It would be appreciated that the lossless image compression techniques enable reconstruction of the image data without incurring any loss of information, thus significantly reducing the downstream data volume during space-to-ground data transmission. Large multi-layer Deep Neural Network (DNN) based solutions are found to achieve high compression ratio. In the DNN based flow, there is usually a Density Estimator (DE) block that learns to predict the pixels of input image patches, followed by an Arithmetic Encoder (AE) block that encodes the residual error (between original and predicted pixel values) and finally sends it as downstream data to the receiving station. This Density Estimator is usually designed either as a fully connected network or as a Recurrent Neural Network (RNN) such as LSTM. However, DNNs incur the cost of large memory and power requirements thus making them unfit for running on-board LEO satellites.
The lossless compression techniques can broadly be categorized as follows: (i) Prediction-based, (ii) Transform-based, (iii) Vector Quantization-based, and (iv) Deep Learning based techniques. Several recent deep learning based methods address the requirement for lossless image compression. Learning-based lossless image compression techniques use autoregressive models. The current approach follows a two-step method, a density estimator model followed by a conventional encoder such as, Arithmetic Encoder (AE), Lempel–Ziv–Markov Chain Algorithm (LZMA) encoder etc.
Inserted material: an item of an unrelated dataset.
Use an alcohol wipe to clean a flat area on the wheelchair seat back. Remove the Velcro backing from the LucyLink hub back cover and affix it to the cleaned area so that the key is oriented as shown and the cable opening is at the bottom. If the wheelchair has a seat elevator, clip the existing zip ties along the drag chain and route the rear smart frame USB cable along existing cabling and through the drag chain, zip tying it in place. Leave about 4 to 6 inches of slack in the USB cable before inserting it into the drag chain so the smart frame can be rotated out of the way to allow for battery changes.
Density estimator models learn to predict the pixel values of the input image. These can be further categorized into fully connected neural network and recurrent neural network such as DeepZip, and hierarchical probabilistic models that can learn both image distribution and its auxiliary representations (L3C). Another approach employs deep learning based frameworks as predictors to estimate the residuals which substantially improve the prediction accuracy compared to other prediction-based methods. These residual errors are then encoded using a novel context-tree-based biplane codec.
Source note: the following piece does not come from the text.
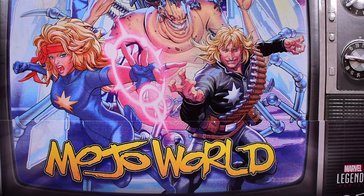I'm very excited for this video. This is the Hasbro Marvel Legends Hasbro Pulse exclusive Mojo World box set with Mojo, Longshot, and Dazzler, and also a little mini Wolverine. This is exciting because I just recently got the deluxe release of Mojo and I really want to compare the two.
Other prior arts provide a compression method by means of a Convolutional Neural Network (CNN) to learn a compact representation of the original image and then encode it using the Lempel-Ziv Markov chain algorithm. The encoded image is reconstructed at the receiver end with the same quality as that of the original image. A learning-based predictive model is created for lossless image compression. These models offer voxel-wise prediction and train MLP and LSTM models, respectively. Predictions obtained by these models are used for calculating the residual error which are encoded by the arithmetic encoder.
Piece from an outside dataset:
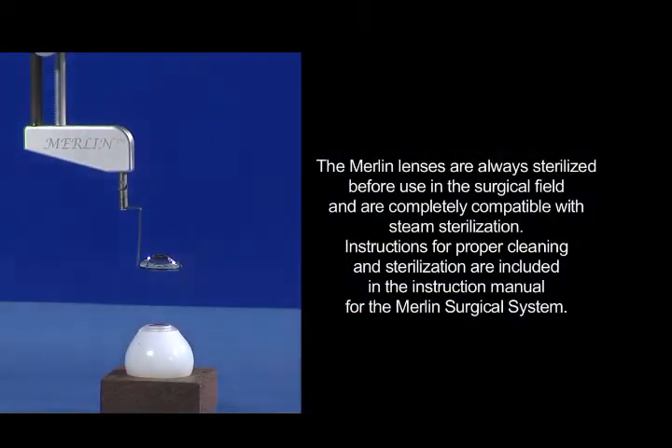The Merlin lenses are always sterilized before use in the surgical field and are completely compatible with steam sterilization. Instructions for proper cleaning and sterilization are included in the instruction manual for the Merlin Surgical System.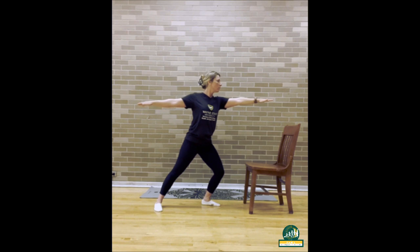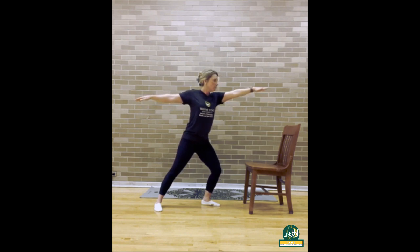Inhale in to roll your shoulders up, and exhale to roll them down, and come back to center.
Embodiments herein provide a method and system for reducing an earth-bound image volume with an efficient lossless compression technique that is based on a highly energy efficient neural network approach known as Spiking Neural Network (SNN). SNN, a 3rd generation Artificial Intelligence (AI) paradigm, achieves at least 100x power benefit while running on Neuromorphic computing platforms. The Neuromorphic computing platforms follow a non Von Neumann architecture closely mimicking the functionality of mammalian brain. Owing to collocation of compute and memory at neurons and synapses of a neuromorphic processor and the event based sparse asynchronous data processing, SNN running on neuromorphic platforms are less computationally intensive, thereby making them a suitable candidate for on-board processing in LEO satellites.
In another aspect, the classical DNN based Density Estimator is replaced with a corresponding SNN version. In the present disclosure, the complete lossless compression framework comprises of a SNN based Density Estimator (DE) followed by a classical Arithmetic Encoder (AE). The SNN model is used to obtain residual errors (difference between SNN predicted image pixels and the ground truth image pixels) which are compressed by AE and thereafter transmitted to the receiving station.
Referring now to the drawings, and more particularly to FIG. 1 through FIG. 8D, where similar reference characters denote corresponding features consistently throughout the figures, there are shown preferred embodiments and these embodiments are described in the context of the following exemplary system and/or method.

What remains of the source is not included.